- Created: 1996
- Abolished: 1998
- Namesake: Namadgi National Park

= Division of Namadgi =

Former Australian federal electoral division

The Division of Namadgi (namad-jee) was an Australian Electoral Division in the Australian Capital Territory. It was located in the southern suburbs of Canberra, and included all suburbs in the district of Tuggeranong, the southern Woden Valley suburbs of Chifley, Farrer, Isaacs, Mawson, Pearce and Torrens, and the remainder of the ACT south and west of the Murrumbidgee River, reminiscent of the present-day Division of Bean.

The Division was proclaimed at the redistribution of 20 September 1994, and was first contested at the 1996 federal election.
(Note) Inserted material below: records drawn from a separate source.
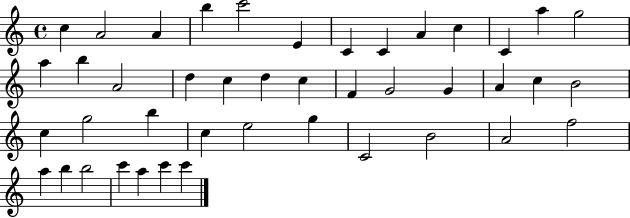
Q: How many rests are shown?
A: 0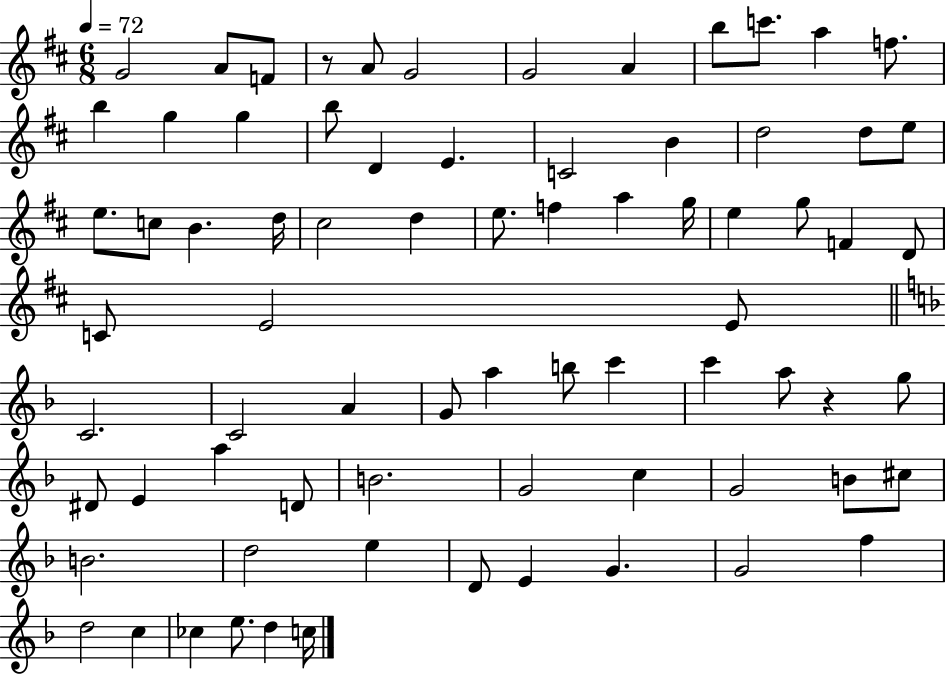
G4/h A4/e F4/e R/e A4/e G4/h G4/h A4/q B5/e C6/e. A5/q F5/e. B5/q G5/q G5/q B5/e D4/q E4/q. C4/h B4/q D5/h D5/e E5/e E5/e. C5/e B4/q. D5/s C#5/h D5/q E5/e. F5/q A5/q G5/s E5/q G5/e F4/q D4/e C4/e E4/h E4/e C4/h. C4/h A4/q G4/e A5/q B5/e C6/q C6/q A5/e R/q G5/e D#4/e E4/q A5/q D4/e B4/h. G4/h C5/q G4/h B4/e C#5/e B4/h. D5/h E5/q D4/e E4/q G4/q. G4/h F5/q D5/h C5/q CES5/q E5/e. D5/q C5/s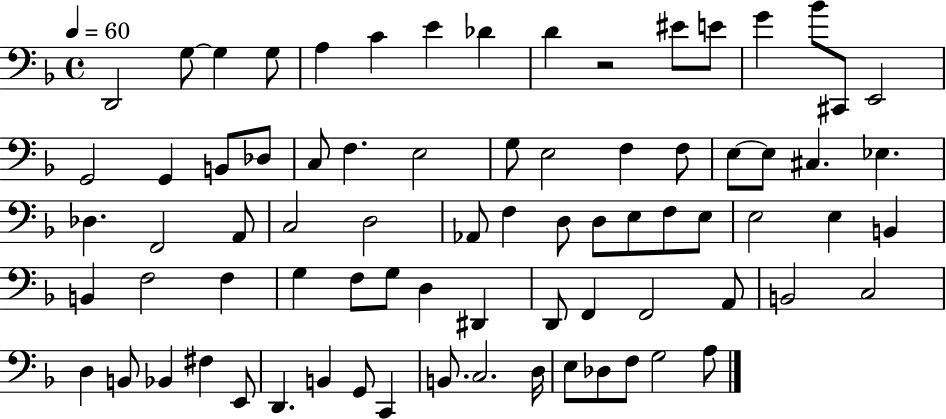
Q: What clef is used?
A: bass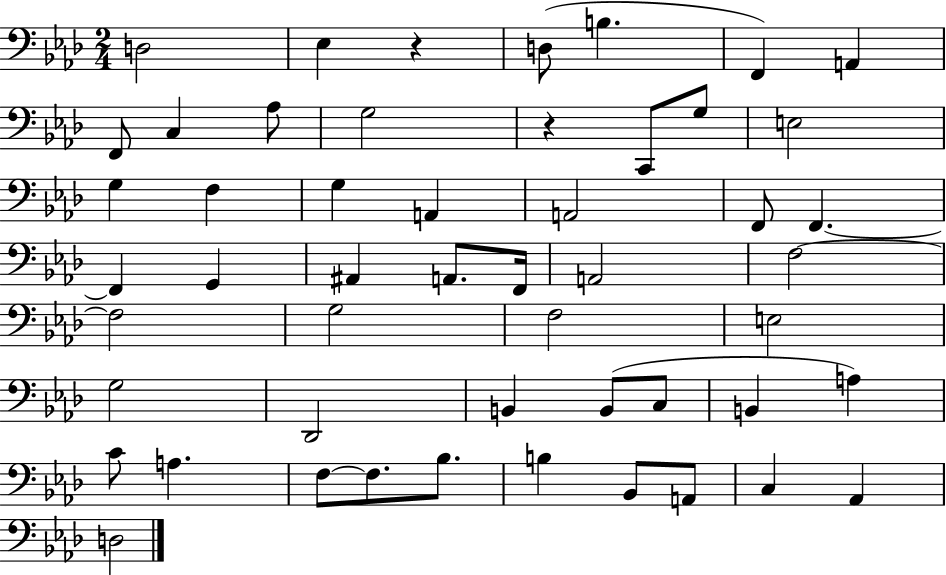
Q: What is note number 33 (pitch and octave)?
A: Db2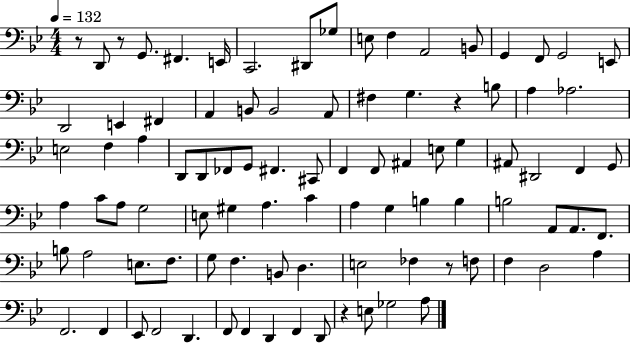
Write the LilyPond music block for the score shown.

{
  \clef bass
  \numericTimeSignature
  \time 4/4
  \key bes \major
  \tempo 4 = 132
  \repeat volta 2 { r8 d,8 r8 g,8. fis,4. e,16 | c,2. dis,8 ges8 | e8 f4 a,2 b,8 | g,4 f,8 g,2 e,8 | \break d,2 e,4 fis,4 | a,4 b,8 b,2 a,8 | fis4 g4. r4 b8 | a4 aes2. | \break e2 f4 a4 | d,8 d,8 fes,8 g,8 fis,4. cis,8 | f,4 f,8 ais,4 e8 g4 | ais,8 dis,2 f,4 g,8 | \break a4 c'8 a8 g2 | e8 gis4 a4. c'4 | a4 g4 b4 b4 | b2 a,8 a,8. f,8. | \break b8 a2 e8. f8. | g8 f4. b,8 d4. | e2 fes4 r8 f8 | f4 d2 a4 | \break f,2. f,4 | ees,8 f,2 d,4. | f,8 f,4 d,4 f,4 d,8 | r4 e8 ges2 a8 | \break } \bar "|."
}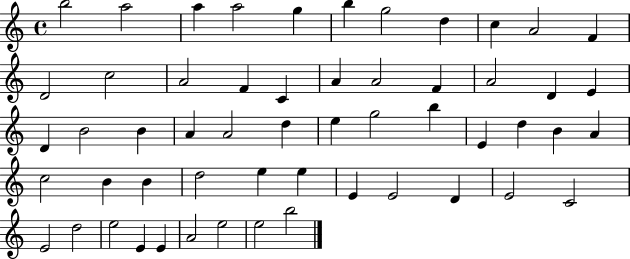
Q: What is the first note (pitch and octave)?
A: B5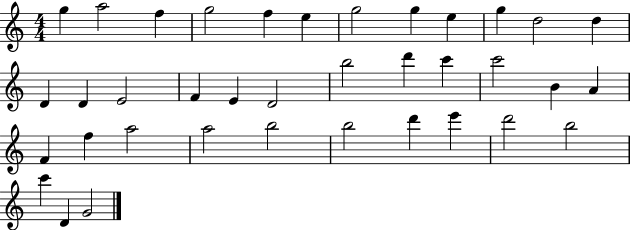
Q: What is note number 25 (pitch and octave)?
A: F4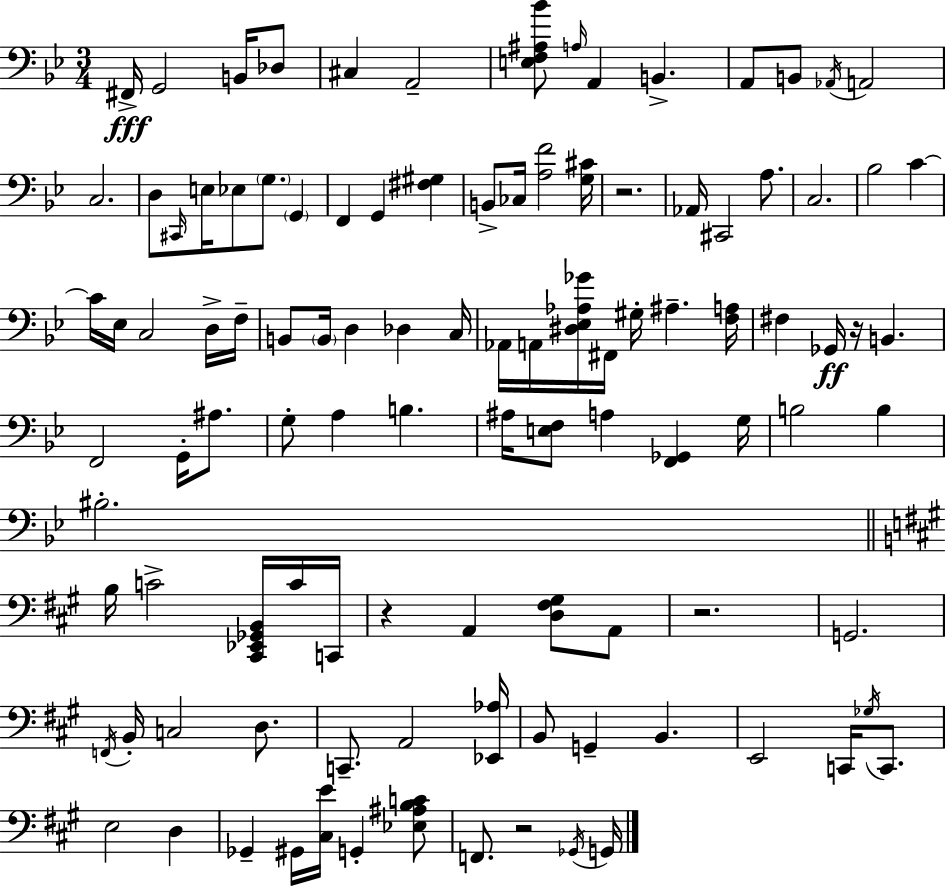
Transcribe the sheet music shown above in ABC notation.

X:1
T:Untitled
M:3/4
L:1/4
K:Gm
^F,,/4 G,,2 B,,/4 _D,/2 ^C, A,,2 [E,F,^A,_B]/2 A,/4 A,, B,, A,,/2 B,,/2 _A,,/4 A,,2 C,2 D,/2 ^C,,/4 E,/4 _E,/2 G,/2 G,, F,, G,, [^F,^G,] B,,/2 _C,/4 [A,F]2 [G,^C]/4 z2 _A,,/4 ^C,,2 A,/2 C,2 _B,2 C C/4 _E,/4 C,2 D,/4 F,/4 B,,/2 B,,/4 D, _D, C,/4 _A,,/4 A,,/4 [^D,_E,_A,_G]/4 ^F,,/4 ^G,/4 ^A, [F,A,]/4 ^F, _G,,/4 z/4 B,, F,,2 G,,/4 ^A,/2 G,/2 A, B, ^A,/4 [E,F,]/2 A, [F,,_G,,] G,/4 B,2 B, ^B,2 B,/4 C2 [^C,,_E,,_G,,B,,]/4 C/4 C,,/4 z A,, [D,^F,^G,]/2 A,,/2 z2 G,,2 F,,/4 B,,/4 C,2 D,/2 C,,/2 A,,2 [_E,,_A,]/4 B,,/2 G,, B,, E,,2 C,,/4 _G,/4 C,,/2 E,2 D, _G,, ^G,,/4 [^C,E]/4 G,, [_E,^A,B,C]/2 F,,/2 z2 _G,,/4 G,,/4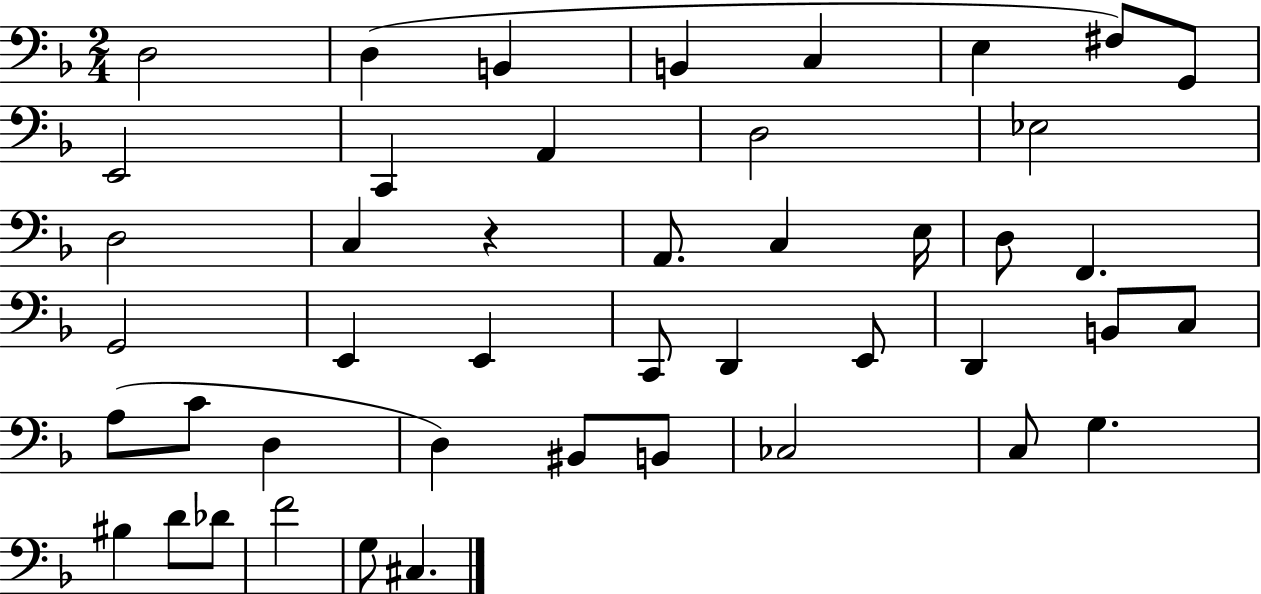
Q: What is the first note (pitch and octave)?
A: D3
It was abolished at the redistribution of 10 December 1997. It was held for the entirety of its existence by former ACT MLA Annette Ellis, who subsequently became the member for Canberra after Namadgi's abolition.

==Members==

| Image |  | Member | Party | Term | Notes |
|---|---|---|---|---|---|
|  |  | Annette Ellis (1946–) | Labor | 2 March 1996 – 3 October 1998 | Previously a member of the Australian Capital Territory Legislative Assembly. Transferred to the Division of Canberra after Namadgi was abolished in 1998 |

==Election results==
=== 1996 ===

1996 Australian federal election: Namadgi
| Party |  | Candidate | Votes | % | ±% |
|  | Liberal | Brendan Smyth | 28,638 | 45.14 | +9.99 |
|  | Labor | Annette Ellis | 28,583 | 45.06 | −8.89 |
|  | Greens | Shane Rattenbury | 4,579 | 7.22 | +7.22 |
|  | Independent | Derek Rosborough | 1,636 | 2.58 | +2.58 |
| Total formal votes |  |  | 63,436 | 97.43 | +0.33 |
| Informal votes |  |  | 1,672 | 2.57 | −0.33 |
| Turnout |  |  | 65,108 | 97.37 |  |
Two-party-preferred result
|  | Labor | Annette Ellis | 32,542 | 51.51 | −9.28 |
|  | Liberal | Brendan Smyth | 30,628 | 48.49 | +9.28 |
|  | Labor notional hold |  | Swing | −9.28 |  |

Brendan Smyth was the sitting member for Canberra, having won the seat at the 1995 by-election.